If you have an accountant, they too will receive notification, so they can start preparing the relevant documents for the investigation. This might involve permission to access accounting or business software used to record business information, so that HMRC can view the records digitally and move the investigation along quickly.

HMRC Parameters

How Long Does an HMRC Investigation Take?

Depending on the type of enquiry, an HMRC tax investigation can take anywhere from a few days to a couple of months. The information requested will usually have a bearing on how long the process takes. The process can be time-consuming, especially if extensive documentation and detailed reviews are required.

HMRC can conclude an investigation in several ways. For minor, unintentional violations of tax regulations, a warning is often given. In cases of clear violation, the tax investigation will end in the business being charged a proportionate fine on top of the unpaid tax – corporation or income tax. In some cases, you may also be required to pay any underpaid tax or outstanding tax liabilities identified during the investigation.

HMRC may issue penalties if they:

  • Find consistent errors in the account sheets and business records (even if it was unintentional)
  • Prove deliberate omission of important information on tax return documents
  • Confirm an attempt to conceal income

 

A criminal charge of tax fraud is possible if a sole trader has consistently and deliberately evaded tax, but this is usually reserved for the most extreme cases. In most scenarios, the likely outcome is a hefty fine.

Business owners can challenge HMRC’s decision within 30 days of the conclusion of the investigation should they disagree with their findings. If you don’t already have professional support in place, then you may need to contact a legal adviser or accounting expert at this point.

If found guilty and in addition to any penalties, HMRC may insist upon periodic checks of your financial records to ensure you are filing accurate tax returns and you are fully aware of your responsibilities as a business owner.

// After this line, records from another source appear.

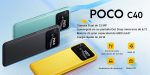 ⁦جوال شاومي بوكو سي 40 بشاشة 6.71 انش بتقنية HD+ دوت دروب، مع شريحتين SIM، وذاكرة RAM 64GB، وسعة داخلية 4GB، تقنية اتصال 4G LTE⁩ - الصورة ⁦7⁩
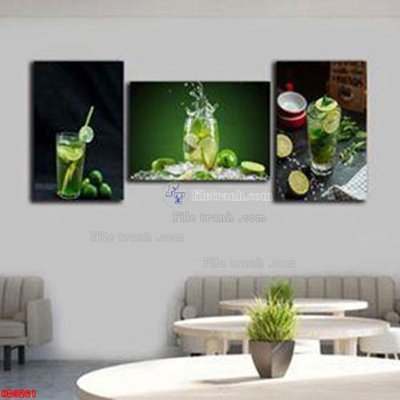 Tải file File tranh bộ hiện đại HD9261 (ảnh gốc) file AI/EPS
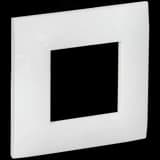 SKANDY Рамка 1-местная SK-F01W арктический белый IEK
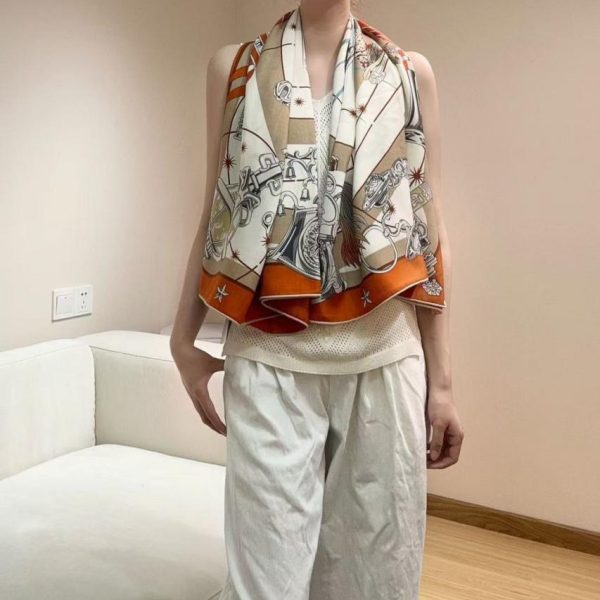 designer,replica,clothing,fake,1:1,lv,luxury,high quality Hermès Starry Night Chorus Double-sided Tone Velvet (JOFTD)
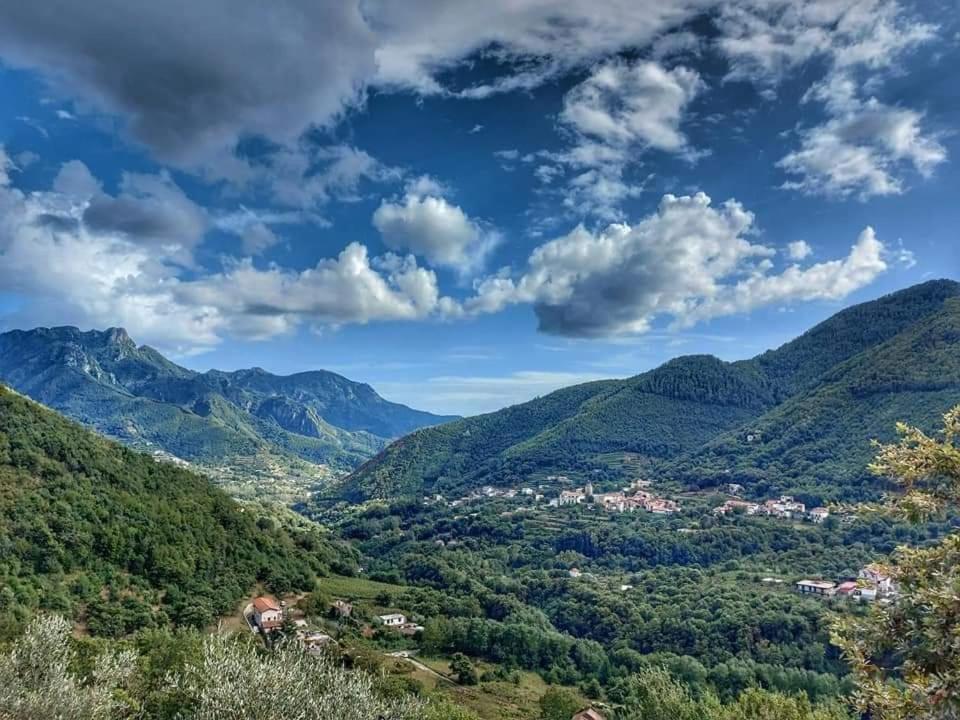 Villa Bianca Tramonti Esterno foto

Do HMRC Always Investigate Tip-Offs?

When do HMRC investigate self-employed people as the result of a tip off? There will always be a preliminary check to see if there is enough evidence to corroborate what has been alleged, but unless they already have their suspicions, they won’t usually go any further.

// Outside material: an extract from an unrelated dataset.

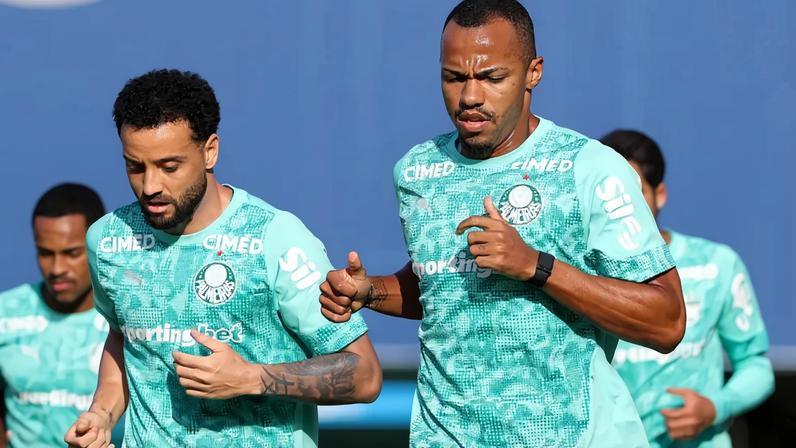 Palmeiras tem oito baixas e Vitor Roque segue cronograma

When checking the validity of a tip-off, HMRC will typically review previous assessments and tax returns to ensure they are accurate. If HMRC finds a discrepancy, then an investigation may follow.

Do HMRC Do Random Checks?

HMRC do carry out random checks and audits on different sole traders and businesses each year, but with so many business owners in the UK, the chances of your company being selected are usually quite slim. However, businesses that present a significant risk due to discrepancies or unusual activities in their tax records are more likely to be selected for random checks. Some trades and industries are higher profile, for example, taxi drivers, along with other self-employed individuals, who are often under scrutiny due to the nature of their income reporting.

The best way to be prepared for an unexpected check or investigation is to always ensure your financial records are up-to-date and easily available.

Final Thoughts

As a business owner, you have a duty to get your self-assessment tax return right. Tax laws exist to prevent money laundering, tax avoidance and other issues that can get in the way of the government receiving legitimate revenue which it uses to fund public services. We recommend hiring an accountant or a tax advisor as your business develops, to ensure you keep your financial procedures and tax reporting healthy and in good shape. If you also need to submit VAT returns, then this is a double imperative.

Whatever you decide to do, you should find comfort in the fact that HMRC doesn’t actively try to catch honest business owners out. You need only fear HMRC investigations if your tax affairs are not strictly above board.